§ **EXERCISE GOAL**:
All the lines below need to be output exactly, apart from any images.

§ **GIVEN INFORMATION**:

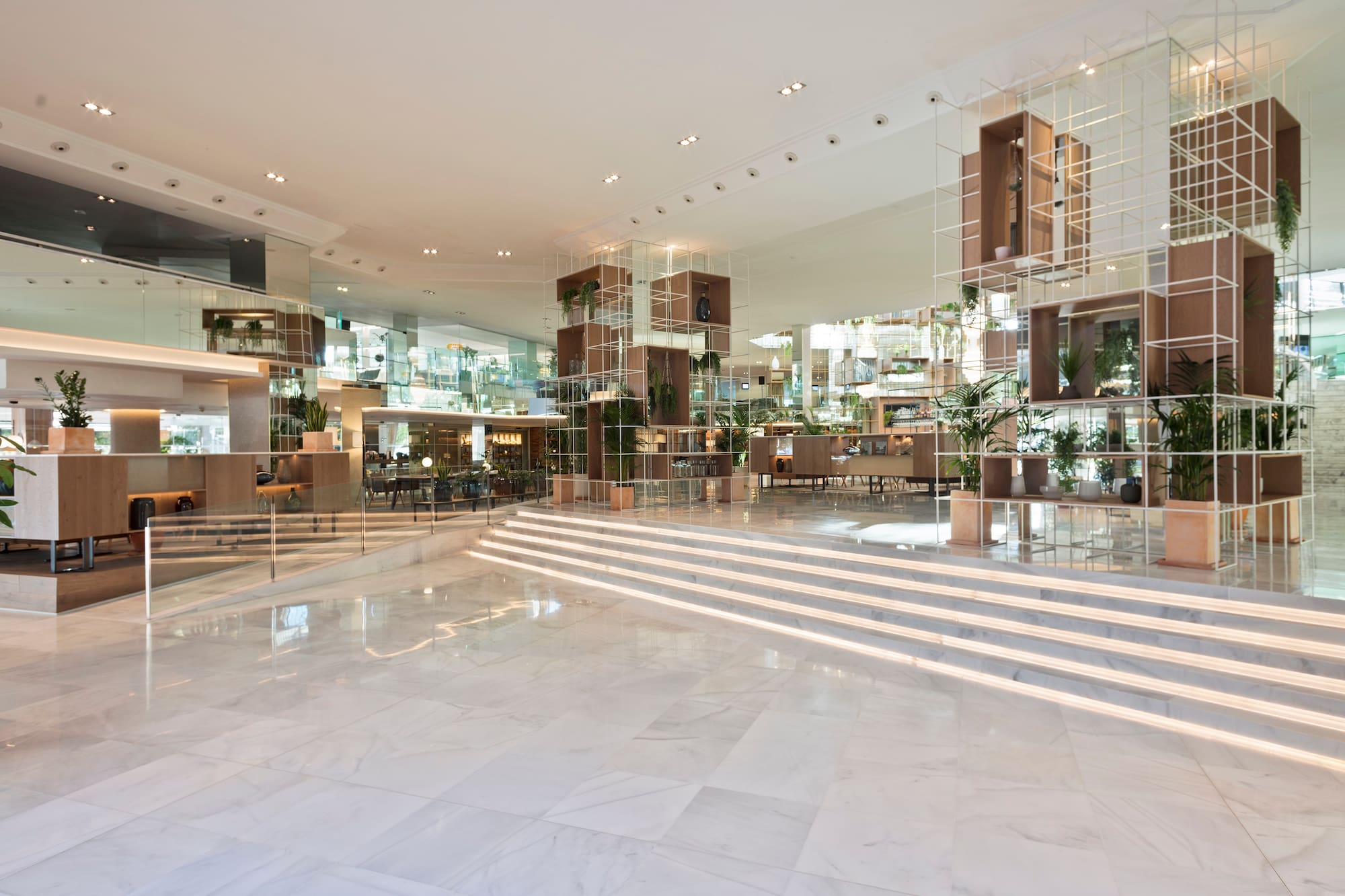 Modern hotel lobby with marble floor, illuminated steps, and plant decor.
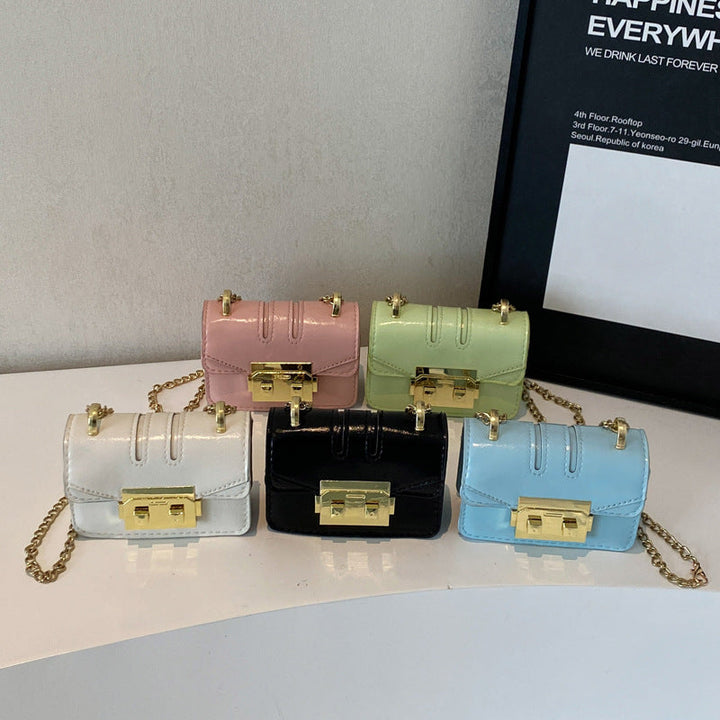Women's elegant mini handbag with gold fastening mechanism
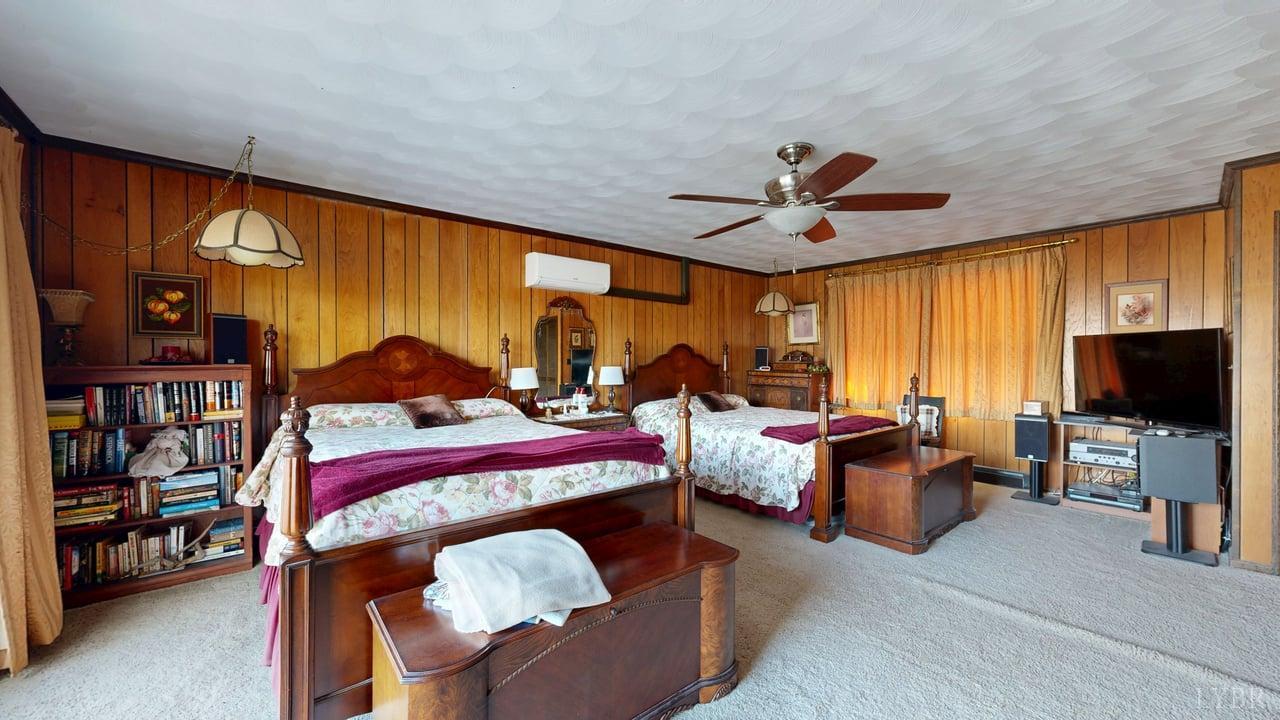 426 Burgess Road Madison Heights, VA 24572 - Photo 21 of 51 a bedroom with furniture and a flat screen tv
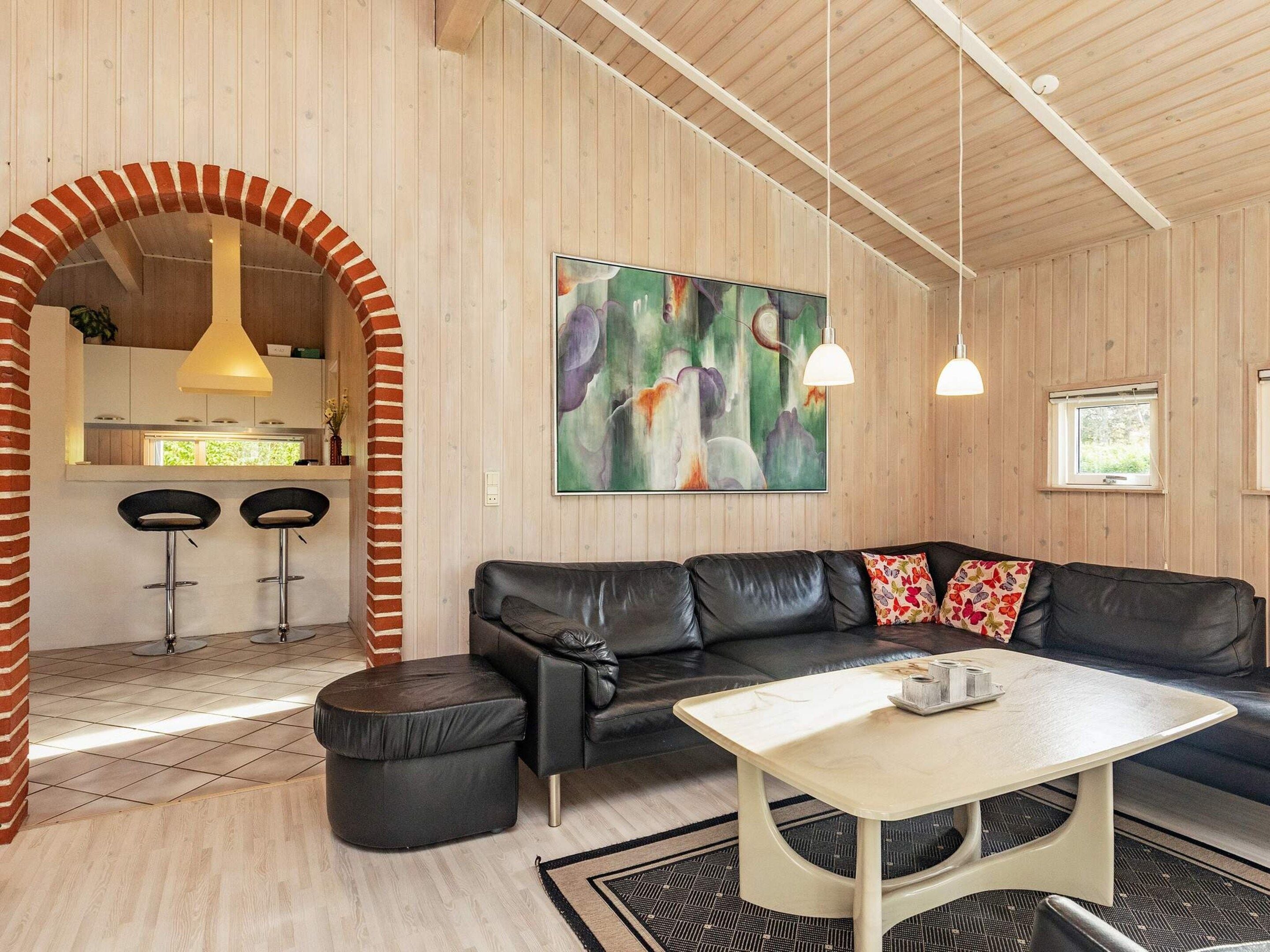En moderne stue med en sort lædersofa, et sofabord og et billede på væggen.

§ **RESPONSE AREA**:
 Modern hotel lobby with marble floor, illuminated steps, and plant decor.
Women's elegant mini handbag with gold fastening mechanism
 426 Burgess Road Madison Heights, VA 24572 - Photo 21 of 51 a bedroom with furniture and a flat screen tv
En moderne stue med en sort lædersofa, et sofabord og et billede på væggen.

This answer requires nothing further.